The requirements for placing a biocidal product on the market in the transitional phase, i.e. prior to approval of the active substance for use in the relevant product type, are as follows:
The biocidal product must be registered in the Norwegian Product Register, using the electronic system for declaration of chemicals. Further information, guidance and link to the electronic system is available on our Product Register web pages.
Please note that all suppliers of active substances and biocidal products in the EU/EEA must either have submitted an active substance dossier or a letter of access to such a dossier, by 1 September 2015 (read more about this on ECHA's web page). A self declaration form for companies making biocidal products available on the market and a letter of confirmation of supply to be used by product/substances suppliers included in the Article 95 list have been developed by the Commission. These templates can be used to document that the requirement is fulfilled (shall not be submitted to the Norwegian Environment Agency unless specifically requested by us). The templates are annexed to the Commission document CA-May 15-Doc.4.13-Annex-Final.
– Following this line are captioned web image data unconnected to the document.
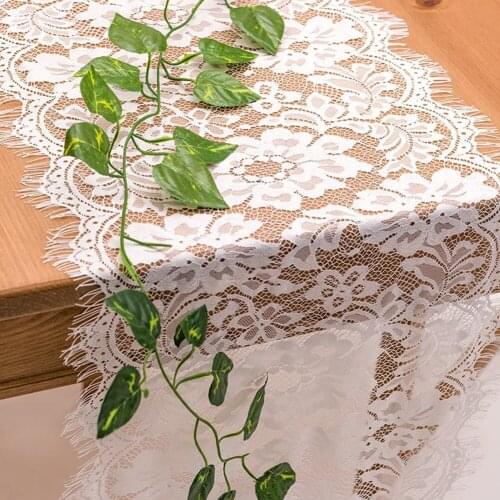 White lace table runner wedding place decoration family table decoration tablecloth lace cloth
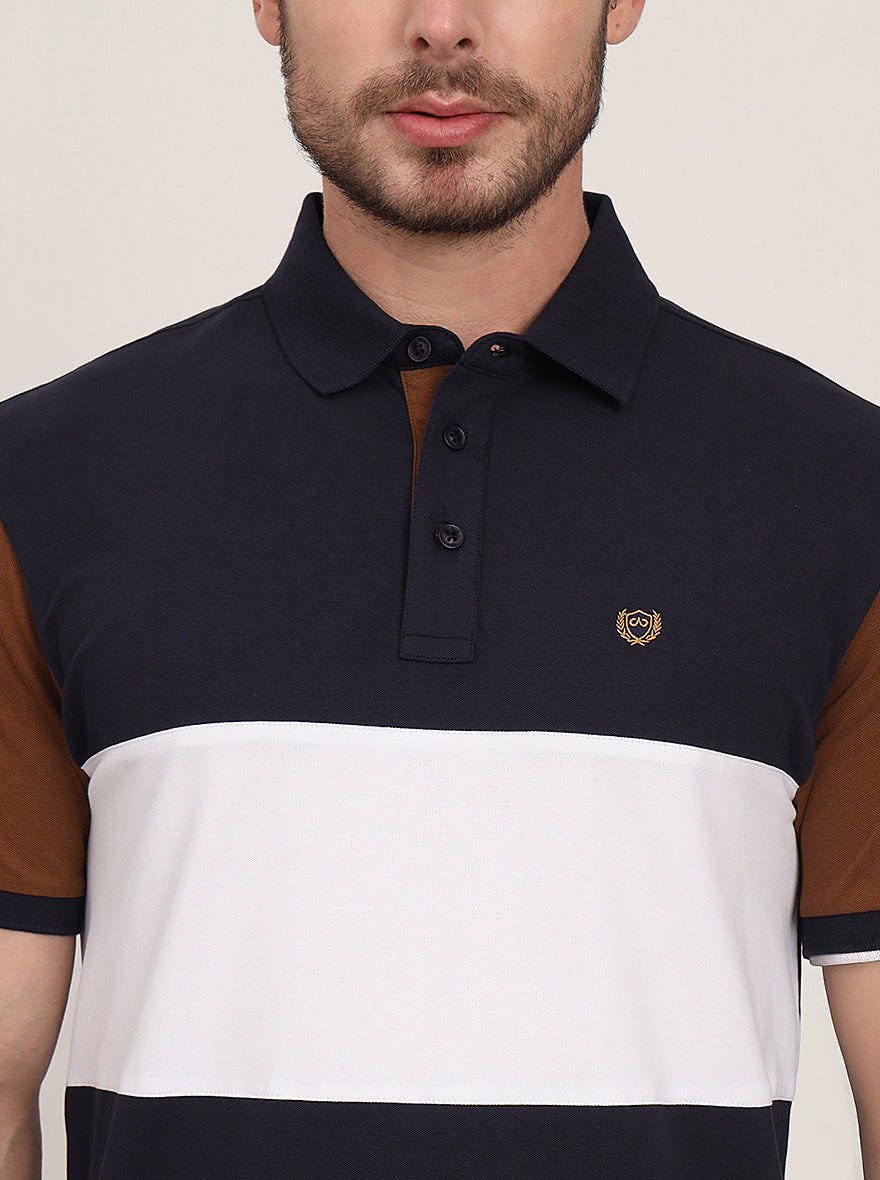 Multicolor Striped Slim Fit Polo T-Shirt | JadeBlue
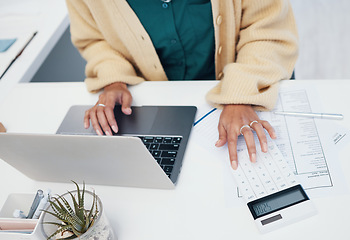 Image showing Woman, hands and laptop on calculator in budget, planning or accounting on desk at office. Closeup of female person or accountant in audit, financial plan or savings for salary or profit at workplace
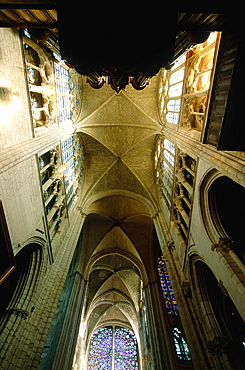 France, To Uraine Val-De-Loire, In Dre-Et-Loire, City Of To Urs, The Gothic Cathedral Nave, The Organ And Stained Glass Windows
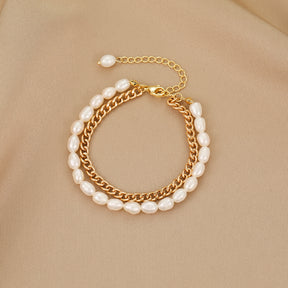 Colette - 14K Modern Overlapping Chain & Natural Pearl Bracelet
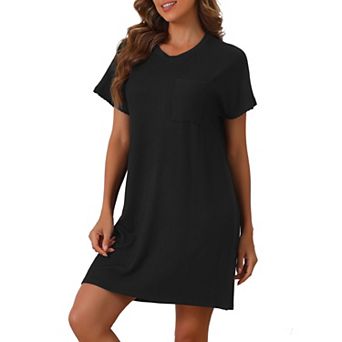 Womens Short Sleeve Casual Night Shirt Stripe Knit Round Neck Loungewear Nightgowns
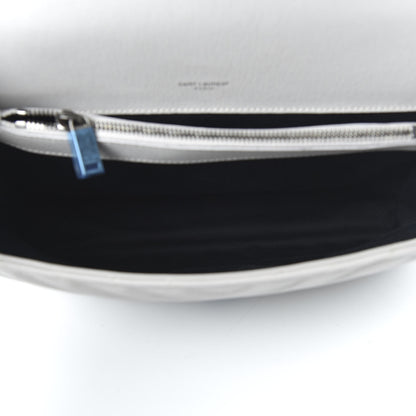 Saint Laurent Sheepskin Matelasse Chevron Monogram Large College Satchel Light Grey 5 of 9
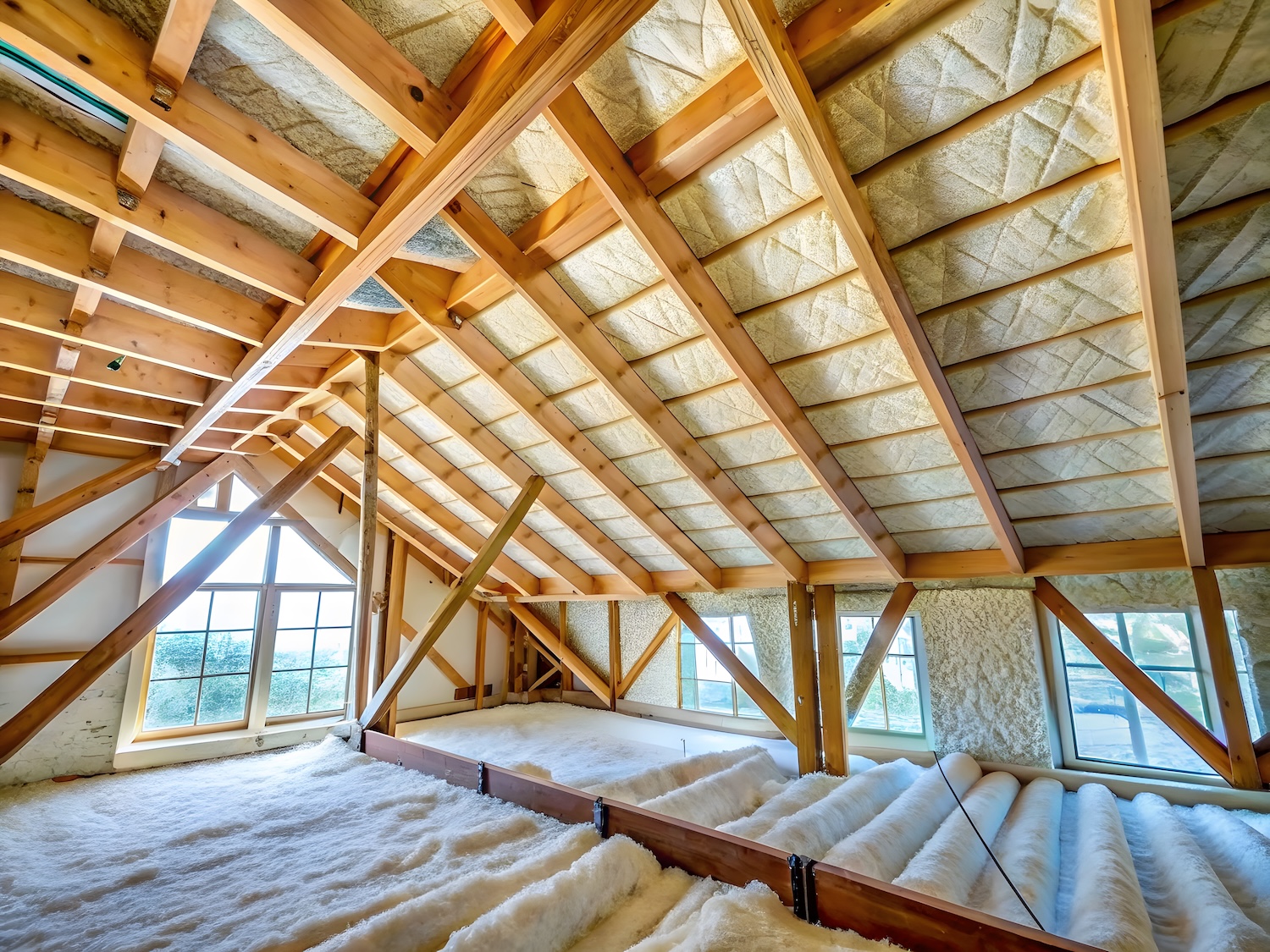Attic insulation installed between framing
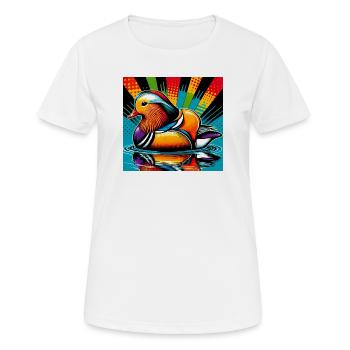 Canard mandarin - T-shirt respirant Femme - blanc - Devant - AI Model Female 172 dark (172cm)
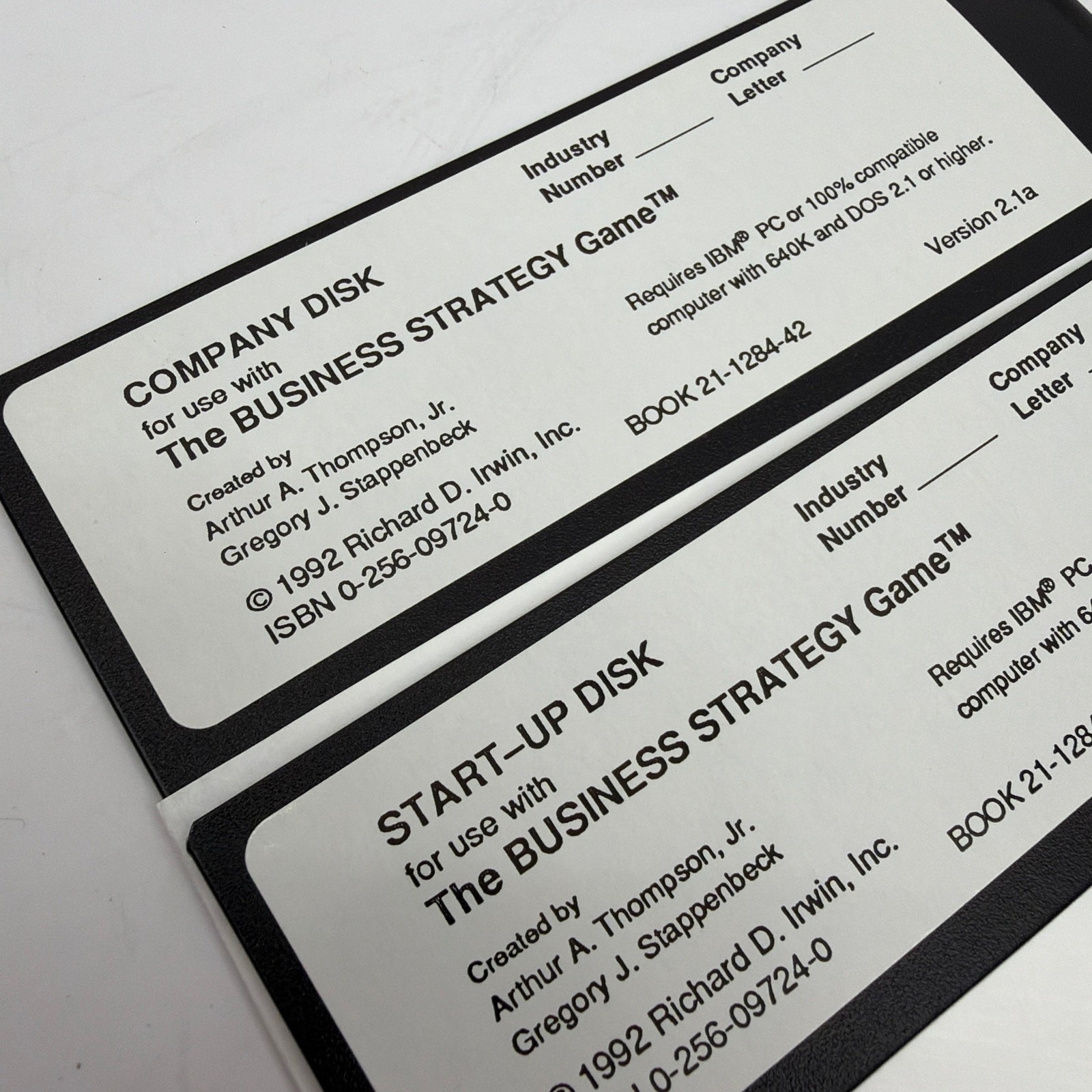 The Business Strategy Game Version 2.1a Company Disk and Start-Up Disk Set IBMPC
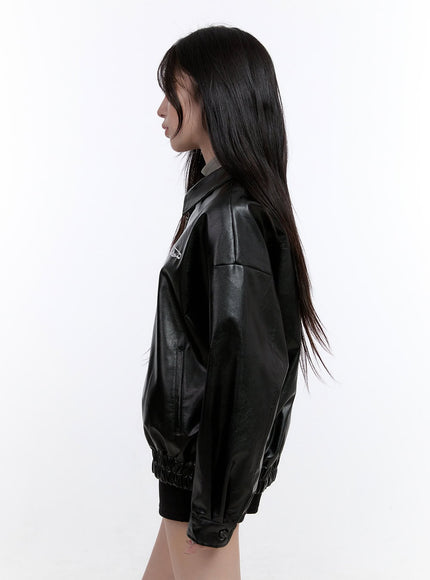 embroidered-zip-up-faux-leather-jacket-co418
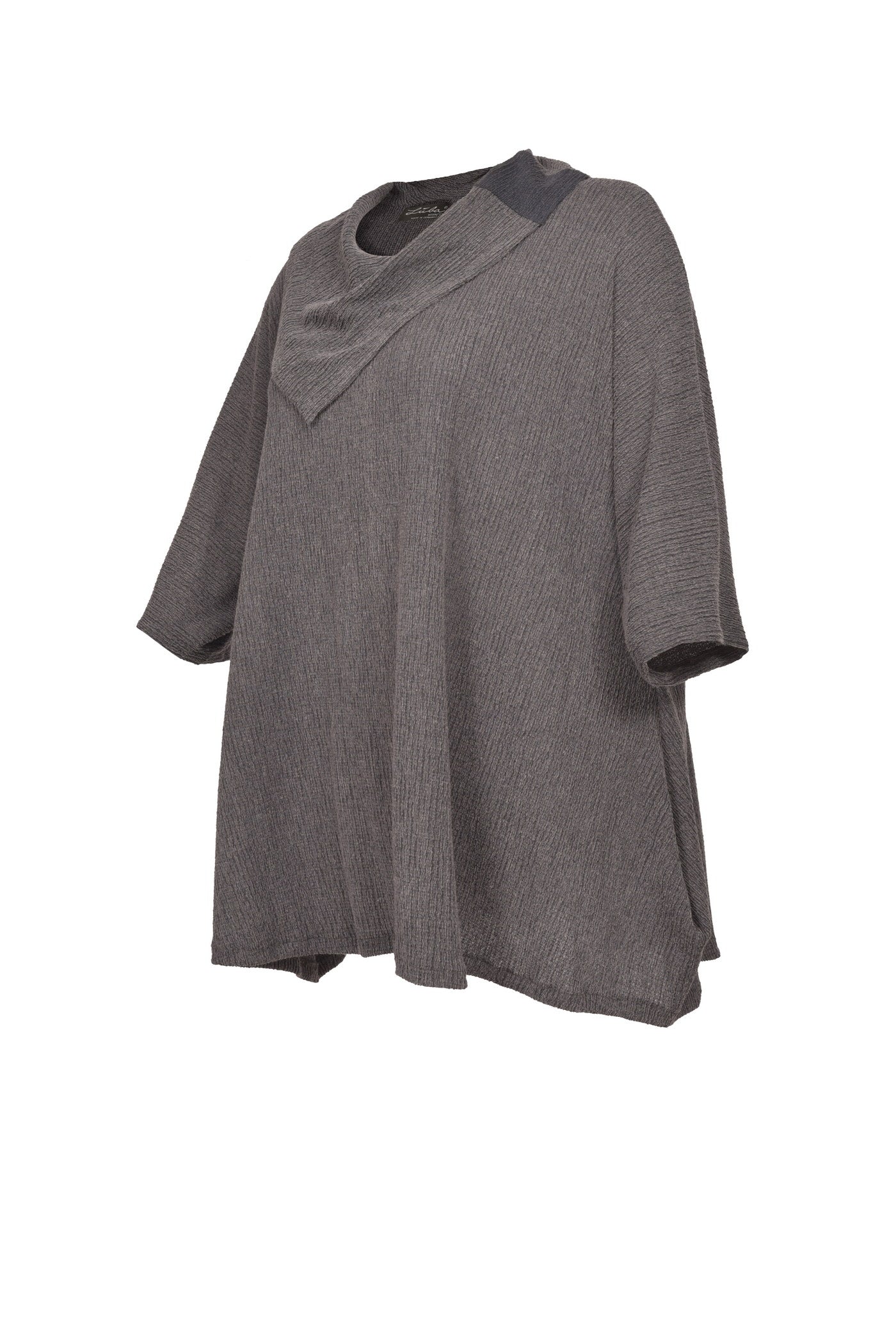 Stylische graue Tunika mit großem Kragen, Einsatz und langen Ärmeln.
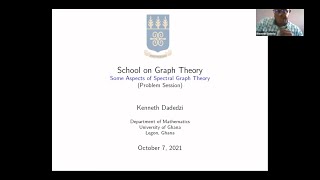 Problem Session – Spectral Graph Theory by Dr Kenneth Dadedzi [upl. by Nolrev]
Furthermore, general chemical legislation, e.g. REACH, CLP and the Norwegian Product Regulations, also apply to biocides.
For certain use areas within product types 2, 3, 4 and 5, there are specific national regulations that have to be followed during the transitional phase, in addition to the requirements given above. Please see Specific national regulations.
Upon decision of approval of an active substance in a certain product type, a Commission Decision is adopted, where a date for formal approval of the substance is given. This date is the deadline for the application of authorisation of the affected biocidal products.